The evangelistic newspaper of the modern Jesus Army
2009
TRUE DEFINITIONS: MARTYR
Words can change their meanings. Streetpaper wants to rescue a few...
THE WORD "martyr" has come to be associated with images of planes flying into buildings and cars bursting into flames. A word for fanatical suicide bombers.
But the word itself has been hijacked. It started out as the Greek word martys which means "witness" - someone who testifies in court.
The first Christians adapted it to mean someone who "testified" that Jesus was alive and was their master. They often paid a high price for that testimony. Some paid with their lives. And so the word martyr came to describe those who paid for their faith with their life.
But these martyrs couldn't have been more different from suicide bombers who die for hate and vengeance.
The first ever Christian martyr was a man called Stephen.

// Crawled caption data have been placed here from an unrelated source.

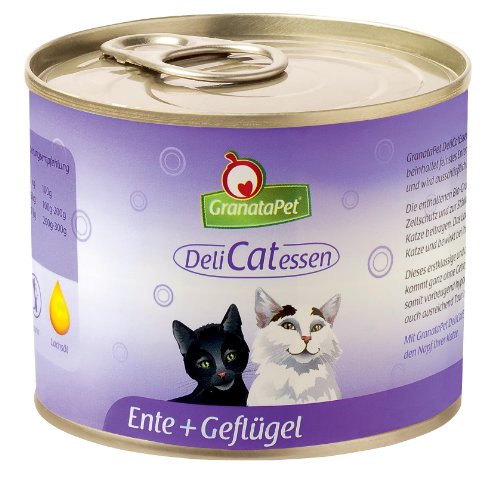 Preisvergleich Produktbild GranataPet Cat Dose DeliCatessen Ente + Geflügel 200g 6 X Einheit / Stück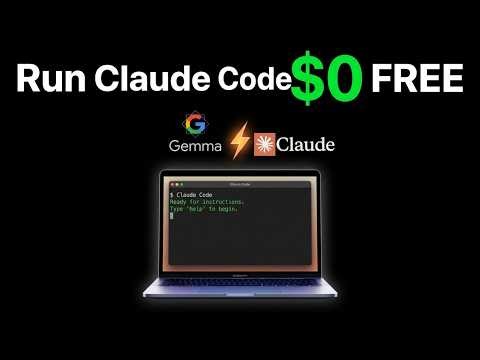 I Ran Claude Code With Gemma 4 FREE Local LLM on My MacBook and PC (No API Key Needed) step by step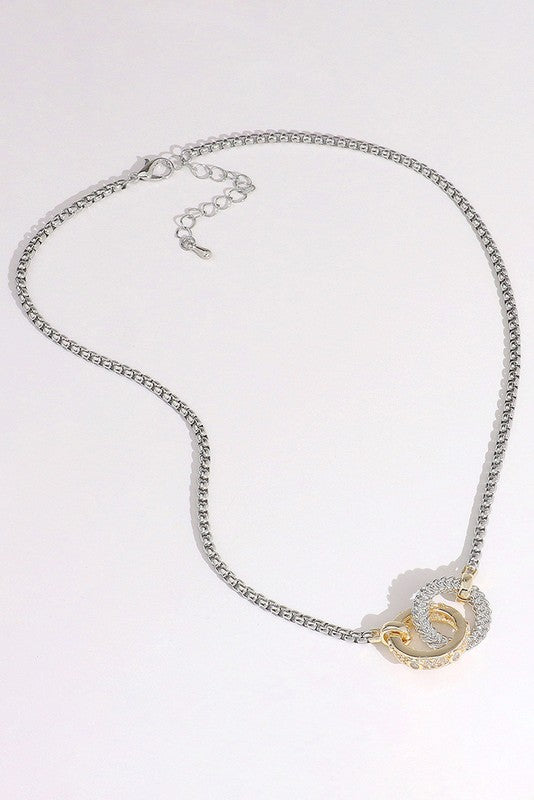 Own It Two Tone Necklace-[option4]-[option5]-Cute-Trendy-Shop-Womens-Boutique-Clothing-Store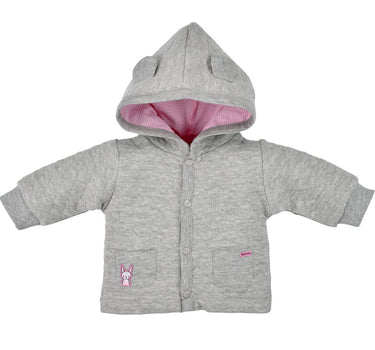 BONDI Baby Kapuzenjacke mit Herzallover | 93630 Grau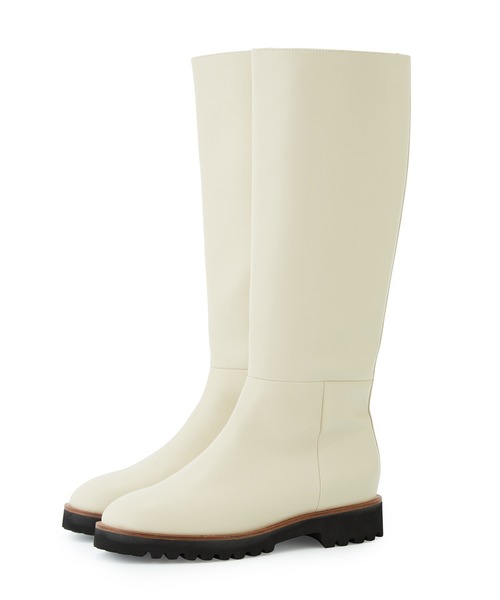ADAM ET ROPE'（アダムエロペ）の「ジョッキーロングブーツ（ブーツ・レディース・ブラック/オフホワイト・23.5cm/24.5cm/23.0cm/24.0cm）」の8枚目の写真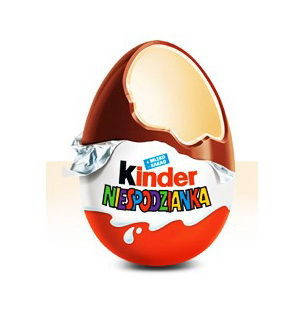 

Шоколадное яйцо Kinder Surprise, 20 г киндер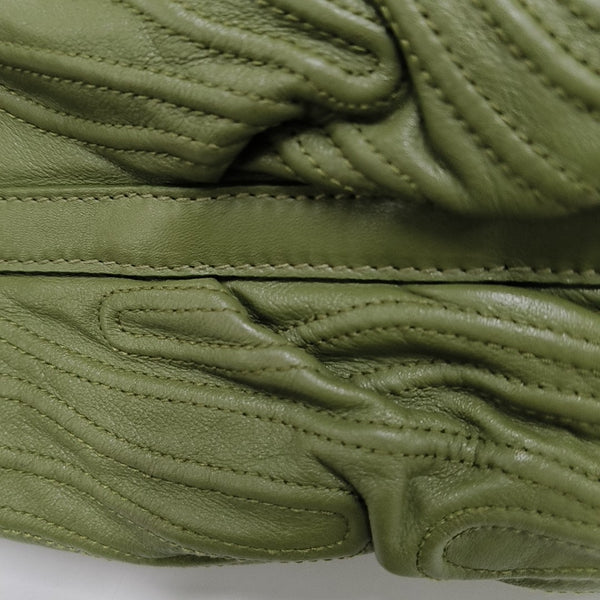 CHANDRA Quilted Calfskin Green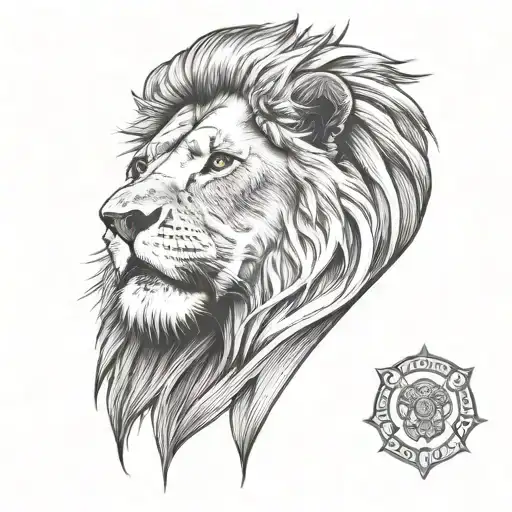 Lion Wearing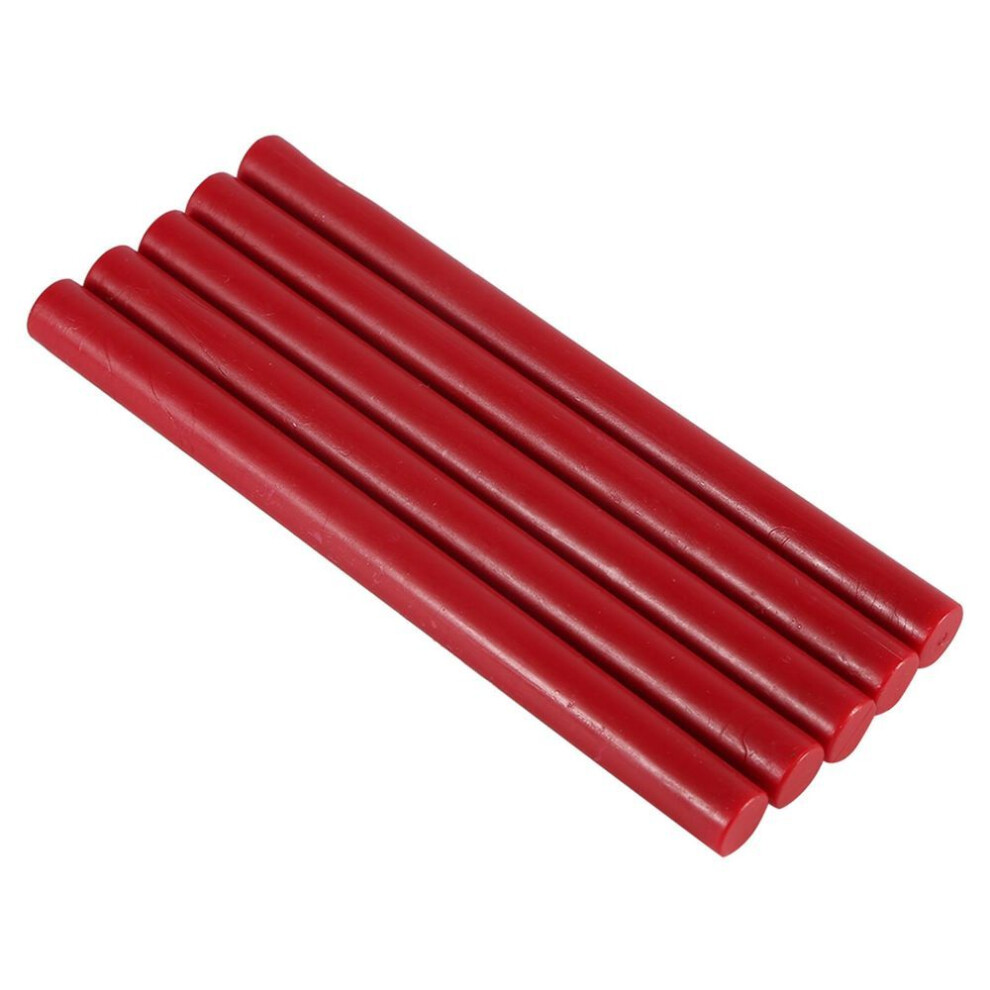 5pcs Seal Stamp Wax Sticks For Sealing Vintage Birthday Wedding Invitation Cards (red)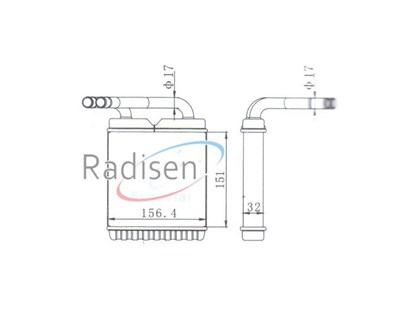 Mitsubishi L300 Minibüs Kalorifer Radyatörü RADISEN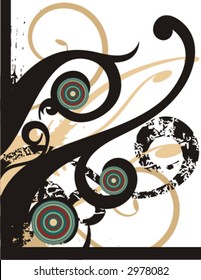 Fancy grunge background. Check my portfolio for more of this series as well as thousands of other great vector items.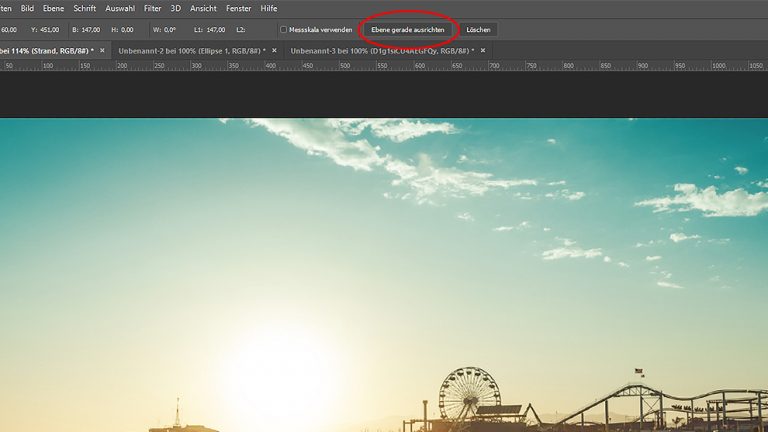 Foto mit Linealwerkzeug bei Photoshop gerade ausrichten Foto mit Linealwerkzeug bei Photoshop gerade ausrichten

Surrounded by murderers throwing rocks at him, Stephen died with these words on his lips: "Lord, don't blame them for what they have done". He died loving.
He was following in Jesus' footsteps. As soldiers were nailing Jesus to a cross, He prayed: "Father, forgive these people! They don't know what they're doing." Jesus died forgiving.
In fact, the death of Jesus was one great big, cosmic act of forgiveness. God Himself soaked up human evil on that day and exhausted its power. That's worth living - and dying - for.